The training was as real-world as possible. It included two Bradleys and two Stryker Infantry Carrier Vehicles, both conducting live fires.
Speights said the simulated combat scenario would be a first for most of the Anniston employees, who typically see only the aftermath of real encounters downrange.
"They see the devastating damage that comes back from war," he said. "They fix it like brand new, push it back out, but they don't know anything about how that vehicle was blown up, what happened to the troops who were in there.
"Then they have these new things called double V hulls that they hear are saving hundreds of lives in theater from IED strikes. They see this devastated vehicle come back in and say, 'Did this whole crew walk away?' And we come back and tell them, 'Yes, they did, and this is why.'"
When Strykers were first developed, they were flat-bottomed vehicles. In 2011, the first double V hull Strykers were fielded to Afghanistan.
The new design provides additional protection against IEDs, and has literally saved Soldiers' lives, said Sgt. Maj. Jeffrey Marcon, Anniston Army Depot sergeant major.
Speights said the additional armor adds to the weight of the vehicle, so developers are looking to add a 450 horsepower engine.
The new engine is one of the many Engineer Change Proposals currently on the table -- "small improvements that make a big update in the system," Speights said. After the updates are approved, the Anniston employees will be the first to see and input the changes. It's part of a reset program Strykers are currently undergoing to prepare them for the future battlefield.

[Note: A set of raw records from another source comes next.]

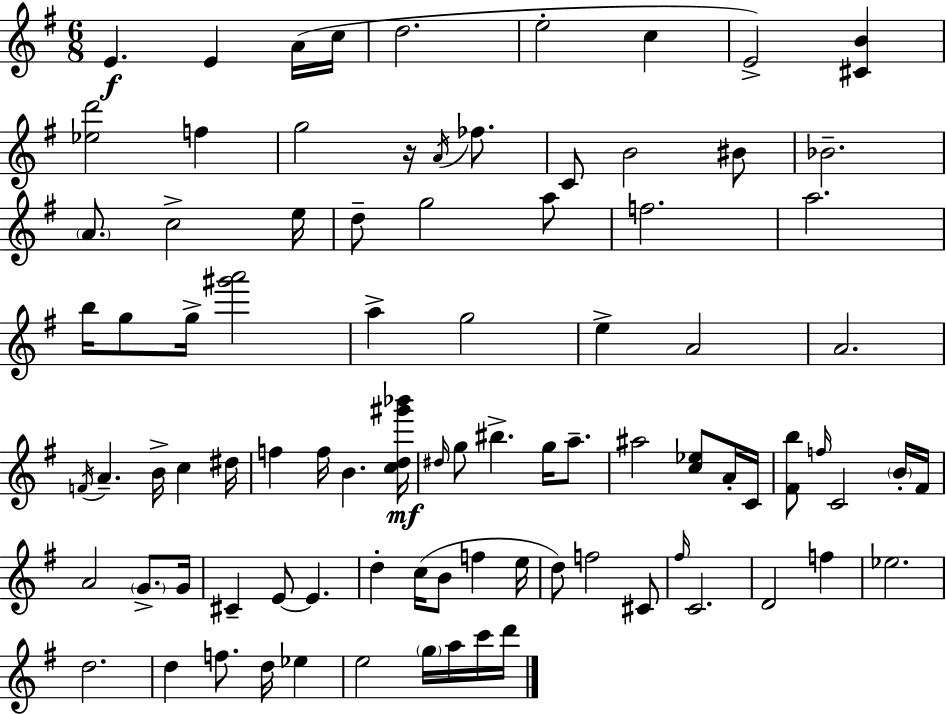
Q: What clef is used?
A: treble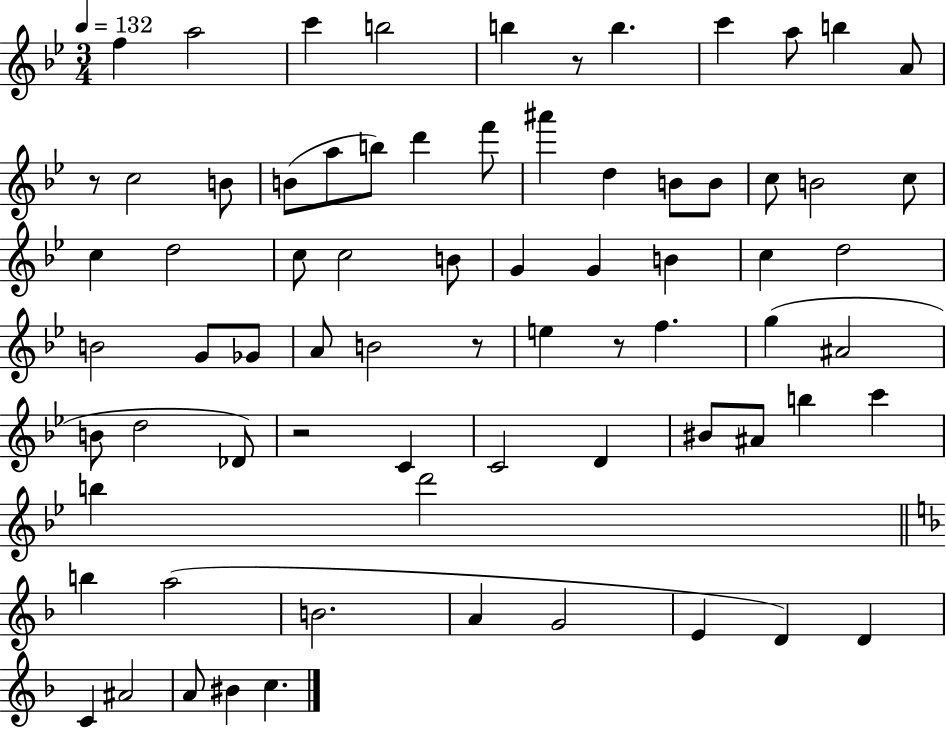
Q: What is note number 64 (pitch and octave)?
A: C4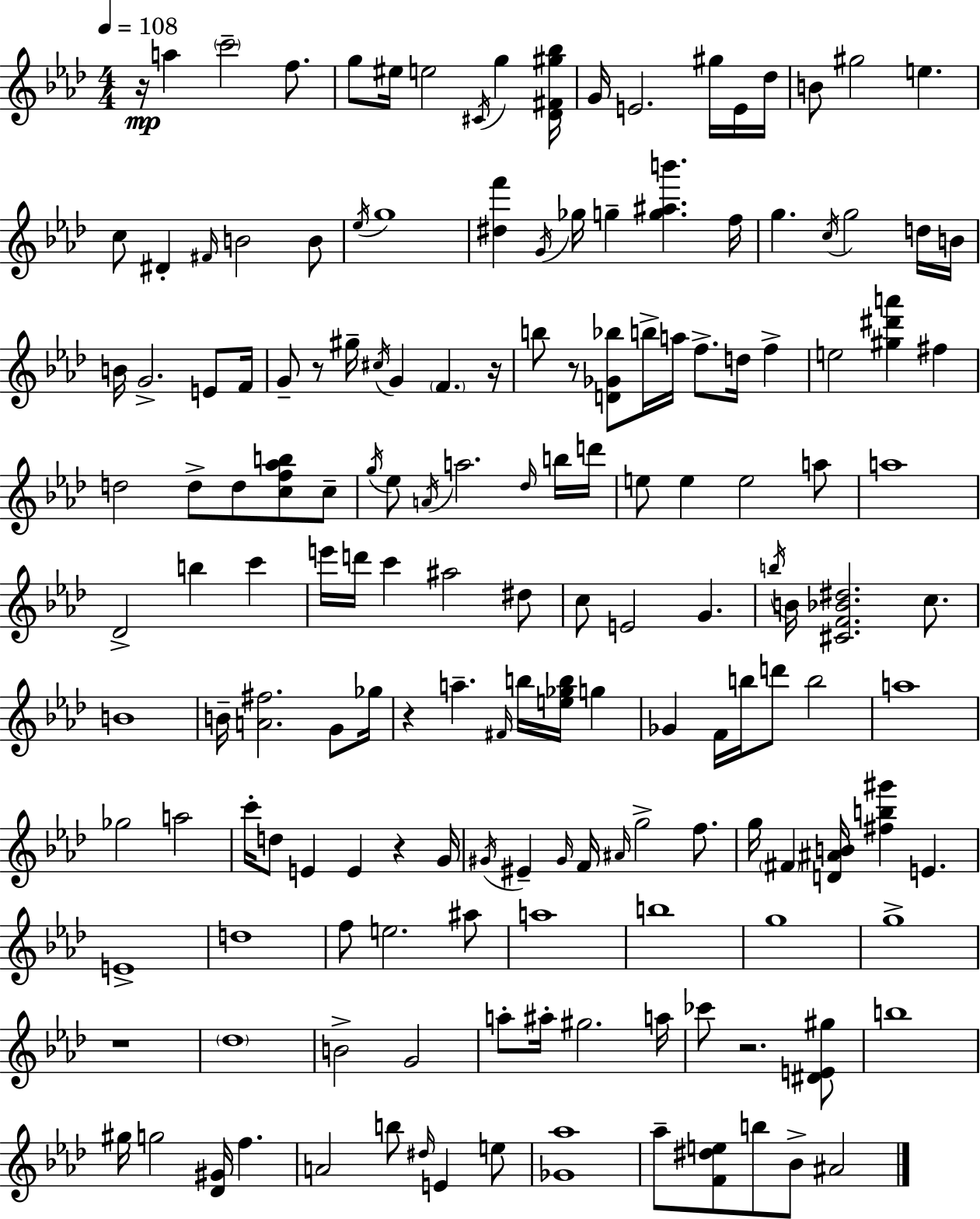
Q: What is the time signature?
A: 4/4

The Stryker vehicle is expected to last at least another 30 years in the Army, Speights said, and Anniston Army Depot will be part of that future. He said he hopes to continue hosting groups from Anniston Army Depot. The Anniston employees are both Department of Defense civilians and General Dynamics Land Systems contractors.
Ultimately, Marcon said, the visit strengthens the partnership between TCM Stryker and Anniston Army Depot and benefits both.
"It's just a great opportunity," he said. "We'll take back a lot of information, a lot of insight. In the long run, it will help us. They get to see their work and what it does. It's going to give them more pride in the work they do."